Sejak Mei 2011, bisnis pembangunan bandara ini diwacanakan dalam sebuah proyek bernama Master Plan Percepatan dan Perluasan Pembangunan Ekonomi Indonesia 2011-2025 (MP3EI). Mega proyek pembangunan bandara baru ini ‘digadang-gadang’ akan mengentaskan kemiskinan di wilayah Kulon Progo dan mengejar ketertinggalan sehingga menjadi daerah yang maju. Dalam MP3EI ini, kawasan D.I.Yogyakarta memang sedari awal diproyeksikan menjadi gerbong industri jasa dan pariwisata. Sehingga pembangunan bandara baru ini ‘seakan’ menjadi kebutuhan yang harus segera terealisasi agar mendukung kemajuan industri jasa dan pariwisata yang dicanangkan dalam proyek MP3EI. Maka tidak heran bila dalam 5 tahun terakhir ini bisnis hotel, mall, dan apartemen menjadi tidak terkontrol di bumi D.I.Yogyakarta.
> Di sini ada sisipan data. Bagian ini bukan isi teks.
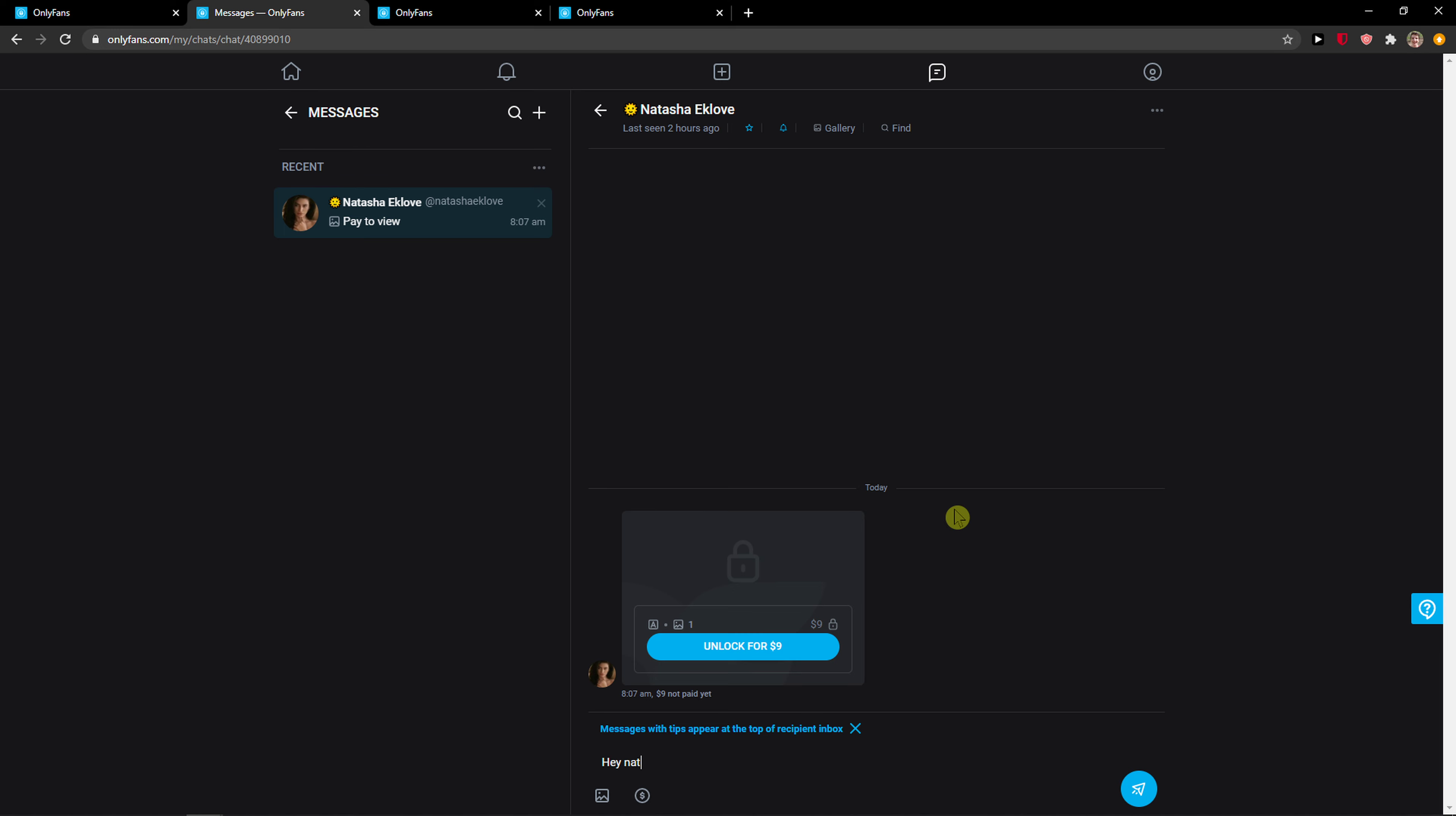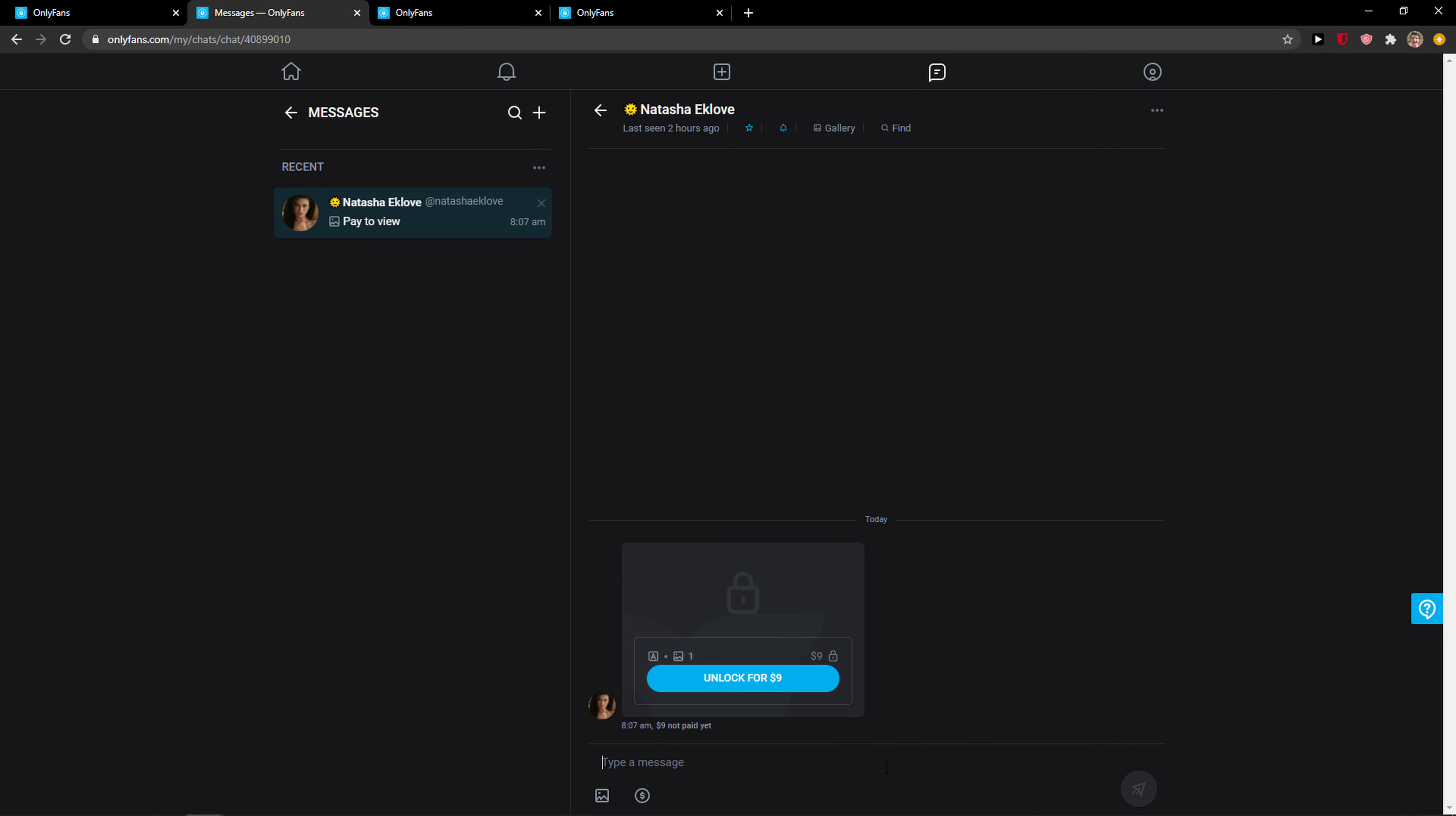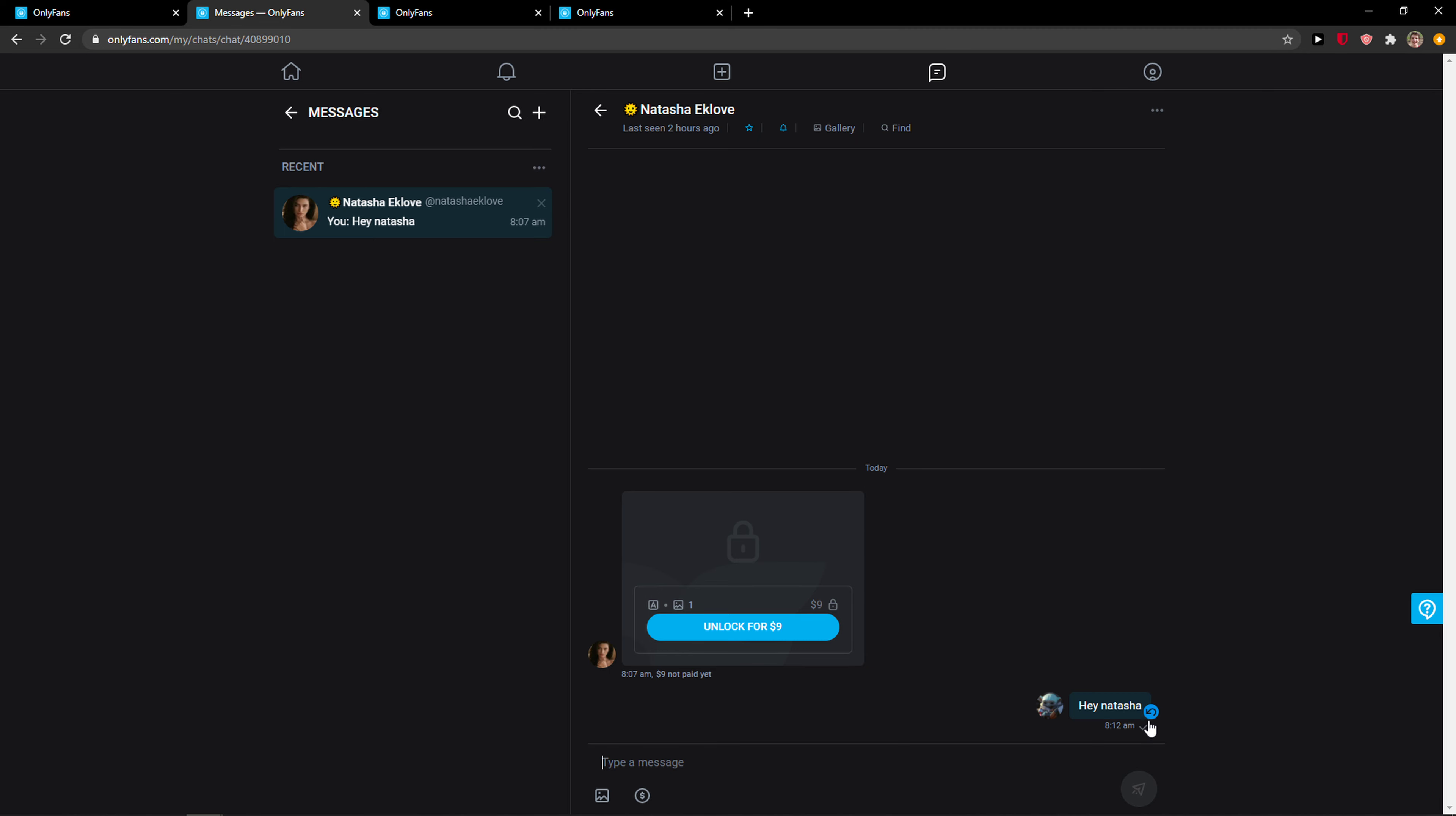here hey Natasha and I'm sending it. Then there will be a message - I don't know why it's not showing right now but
MP3EI adalah sebuah mimpi untuk mengangkat Indonesia menjadi negara maju, menjadikan Indonesia sebagai 12 besar negara di dunia pada tahun 2025 dan 8 besar dunia pada tahun 2045 melalui pertumbuhan ekonomi tinggi yang eksklusif dan berkelanjutan. Mega proyek MP3EI disusun dengan cara mengidentifikasi sektor utama yang akan dikembangkan, komoditi yang akan dihasilkan, infrastruktur yang dibutuhkan, serta arahan lokasi pengembangan industri. Dengan disusun model semacam ini, maka pemerintah seperti menyediakan peta rute jalan yang terang bagi investor untuk menanamkan modalnya di sektor apa dan di lokasi yang mana.

Kehadiran MP3EI mempertegas pola pembangunan ekonomi dan industri Indonesia yang semakin berjalan ke arah melayani korporasi besar dan memfasilitasi pasar bekerja. Negara secara aktif mentransformasi dirinya menjadi Perusahaan Indonesia yang siap memasarkan apapun yang Indonesia punya dan untuk membuat MP3EI bekerja. Selain secara aktif mempromosikan MP3EI dan mengubah struktur negara menjadi struktur pengelola MP3EI, negara juga telah menyiapkan berbagai instrumen untuk membuat pembentukan kawasan-kawasan ekonomi dan bisnis pembangunan infrastruktur bekerja. Di kawasan Asean dikenal dengan istilah Masyarakat Ekonomi Asean (MEA).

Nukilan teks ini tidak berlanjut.